═══ Information provided ═══
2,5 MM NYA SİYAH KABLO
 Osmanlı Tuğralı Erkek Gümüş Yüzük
═══
═══ Information provided ═══
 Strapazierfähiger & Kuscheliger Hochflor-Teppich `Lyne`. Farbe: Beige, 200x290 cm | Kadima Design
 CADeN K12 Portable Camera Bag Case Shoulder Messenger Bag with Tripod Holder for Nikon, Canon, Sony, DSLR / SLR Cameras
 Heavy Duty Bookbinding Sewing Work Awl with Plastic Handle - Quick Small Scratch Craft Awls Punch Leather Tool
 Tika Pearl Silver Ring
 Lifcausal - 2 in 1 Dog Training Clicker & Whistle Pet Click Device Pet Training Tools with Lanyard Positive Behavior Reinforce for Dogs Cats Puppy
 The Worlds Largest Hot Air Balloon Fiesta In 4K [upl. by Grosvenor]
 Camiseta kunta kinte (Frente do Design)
═══
═══ Information provided ═══
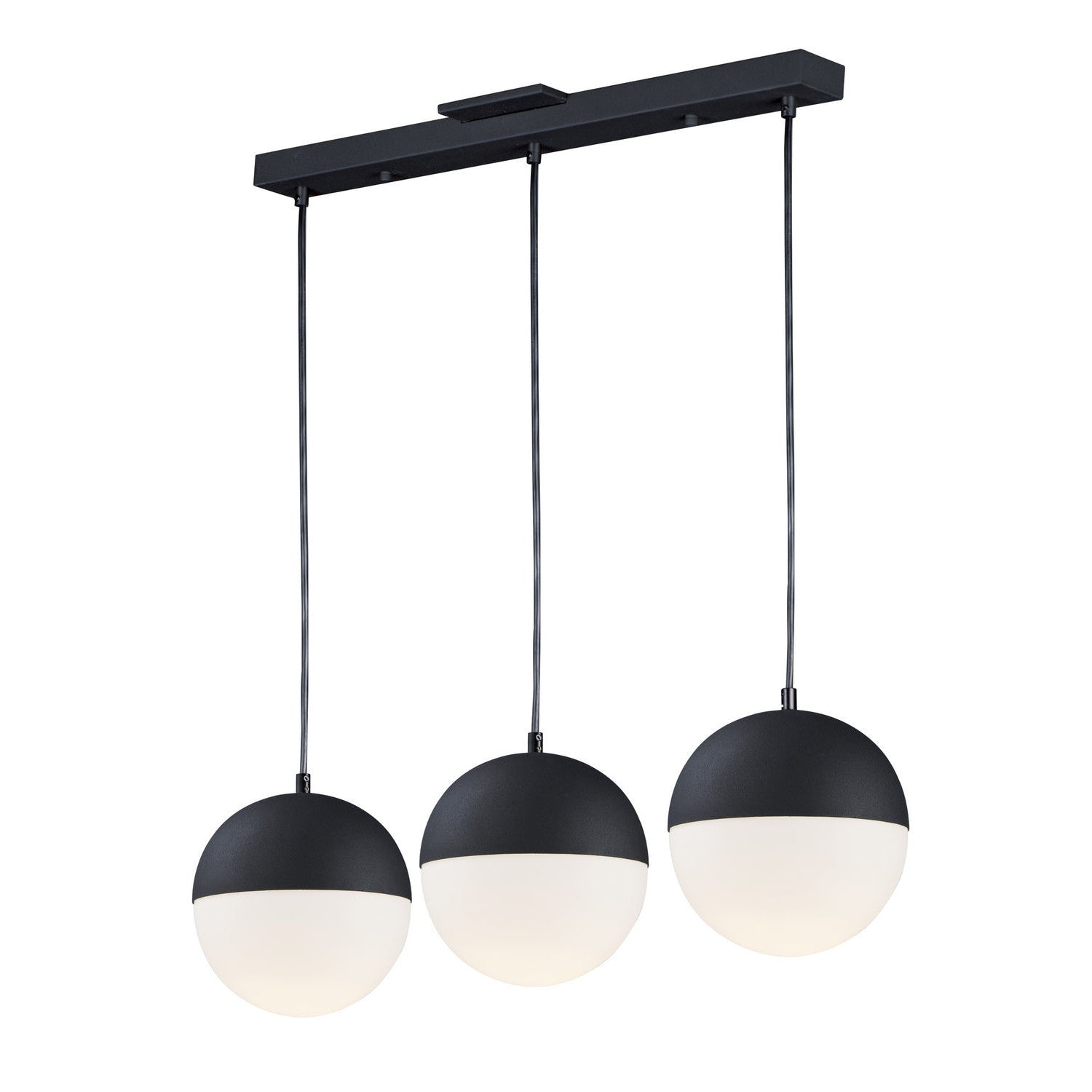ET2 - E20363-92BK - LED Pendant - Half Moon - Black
═══
= Task to carry out =
Find the lines of the listing above that hold "with". Please copy them.

= Output for this exercise =
 CADeN K12 Portable Camera Bag Case Shoulder Messenger Bag with Tripod Holder for Nikon, Canon, Sony, DSLR / SLR Cameras
 Heavy Duty Bookbinding Sewing Work Awl with Plastic Handle - Quick Small Scratch Craft Awls Punch Leather Tool
 Lifcausal - 2 in 1 Dog Training Clicker & Whistle Pet Click Device Pet Training Tools with Lanyard Positive Behavior Reinforce for Dogs Cats Puppy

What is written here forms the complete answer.